Records to use:
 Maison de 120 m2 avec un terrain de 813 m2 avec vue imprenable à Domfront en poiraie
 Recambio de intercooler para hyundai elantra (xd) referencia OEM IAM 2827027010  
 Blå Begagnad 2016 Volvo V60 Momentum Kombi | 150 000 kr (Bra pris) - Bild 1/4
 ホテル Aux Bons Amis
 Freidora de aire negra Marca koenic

==

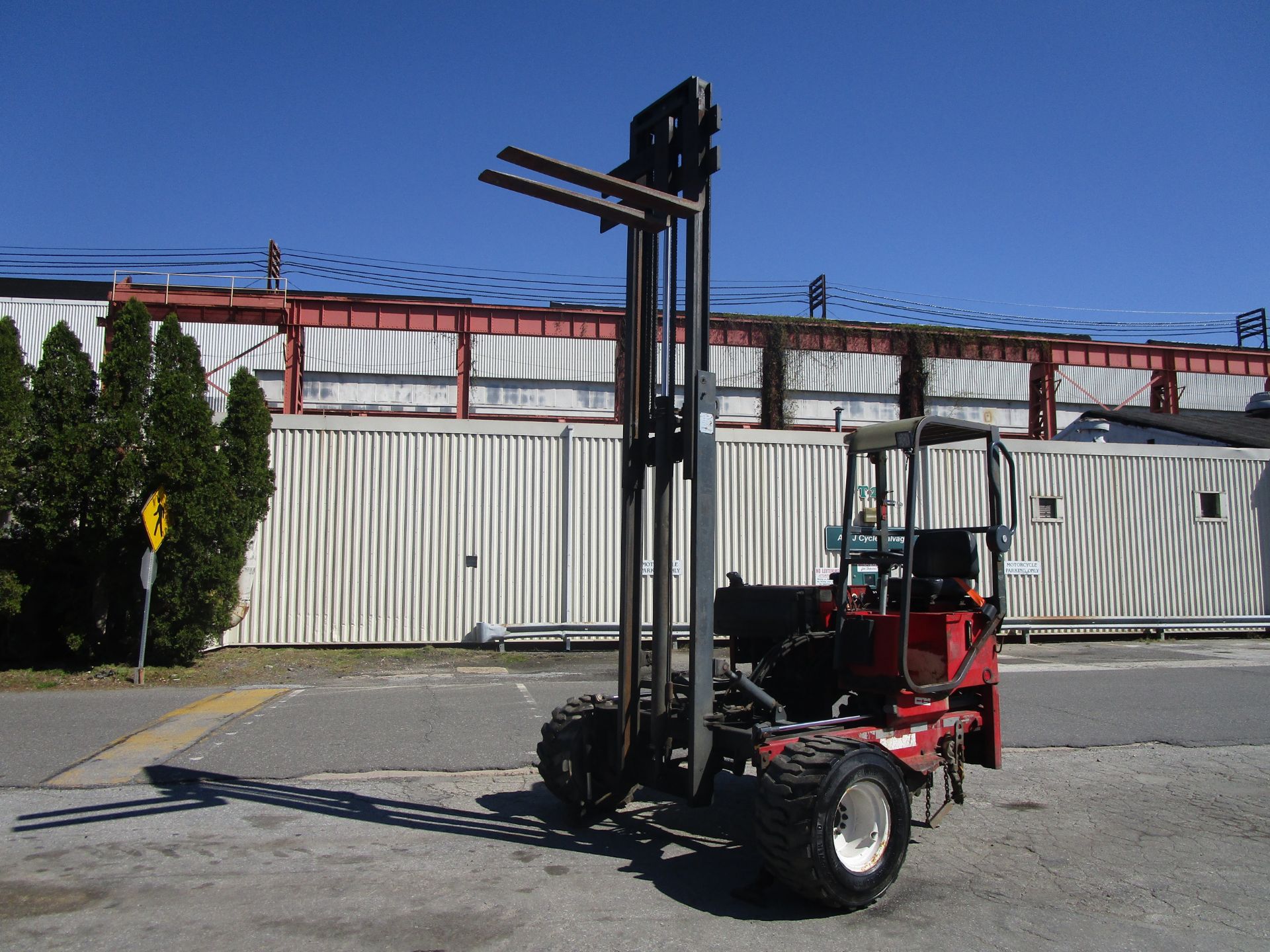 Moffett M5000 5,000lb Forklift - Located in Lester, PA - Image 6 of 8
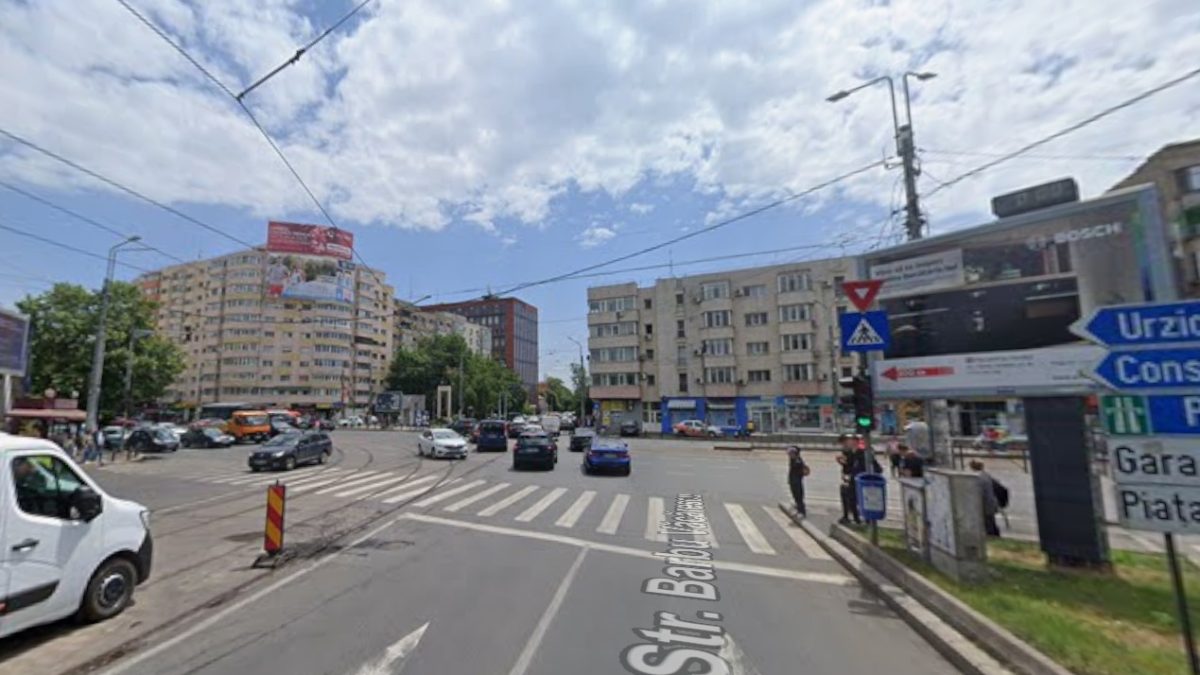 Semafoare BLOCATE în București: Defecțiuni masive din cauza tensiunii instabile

==

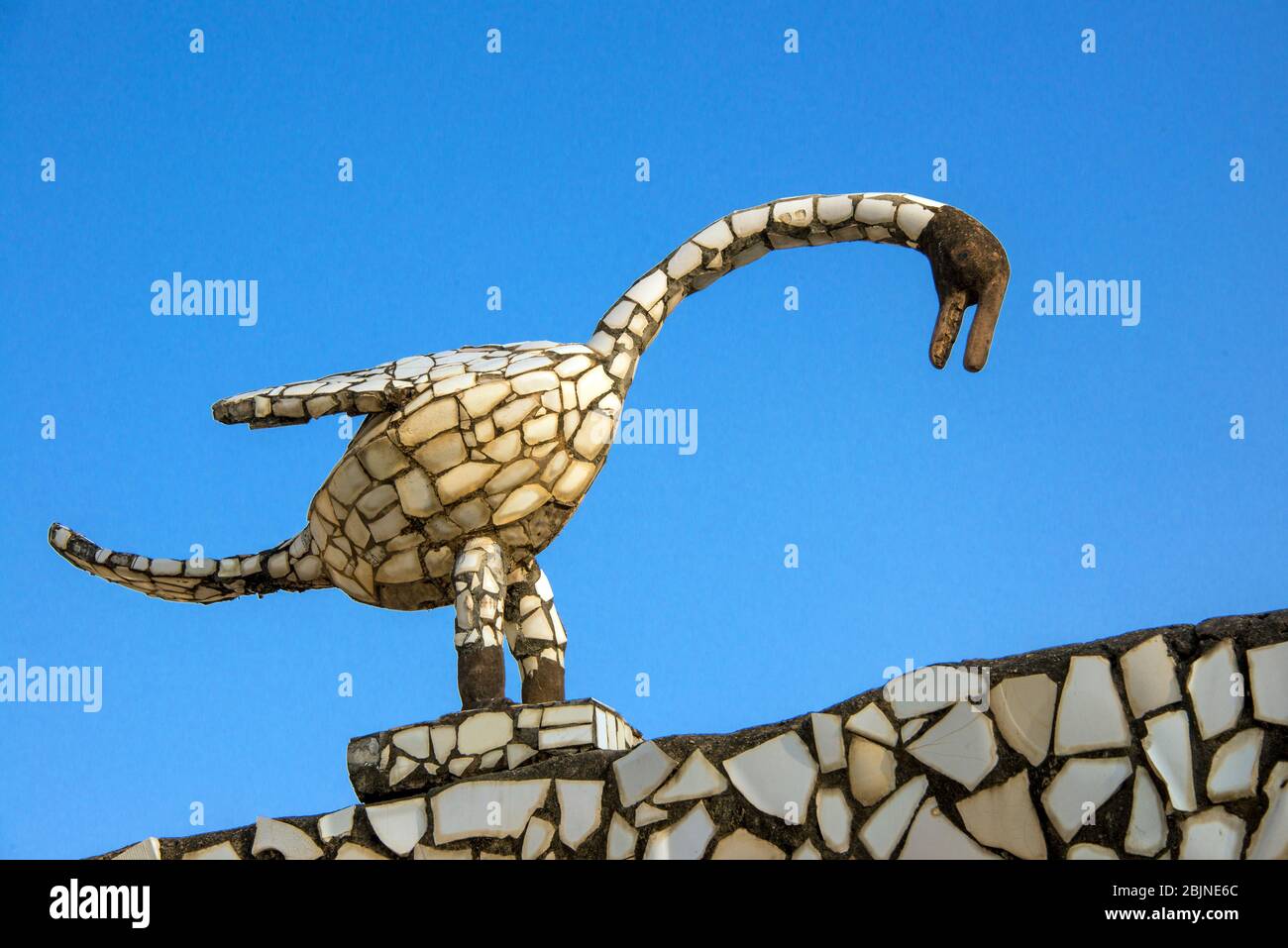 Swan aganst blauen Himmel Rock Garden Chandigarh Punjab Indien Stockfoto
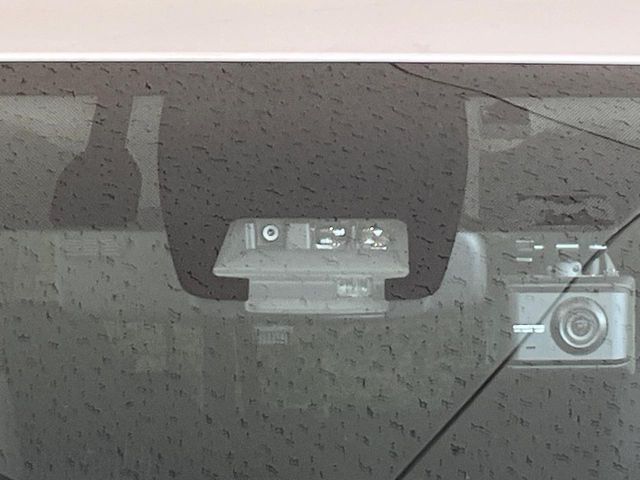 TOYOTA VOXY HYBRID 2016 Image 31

What the task asks:
Reproduce only the lines above, starting at the line with "ホテル Aux Bons Amis" and ending at the line with "Freidora de aire negra Marca koenic", exactly as written.

Output below:
 ホテル Aux Bons Amis
 Freidora de aire negra Marca koenic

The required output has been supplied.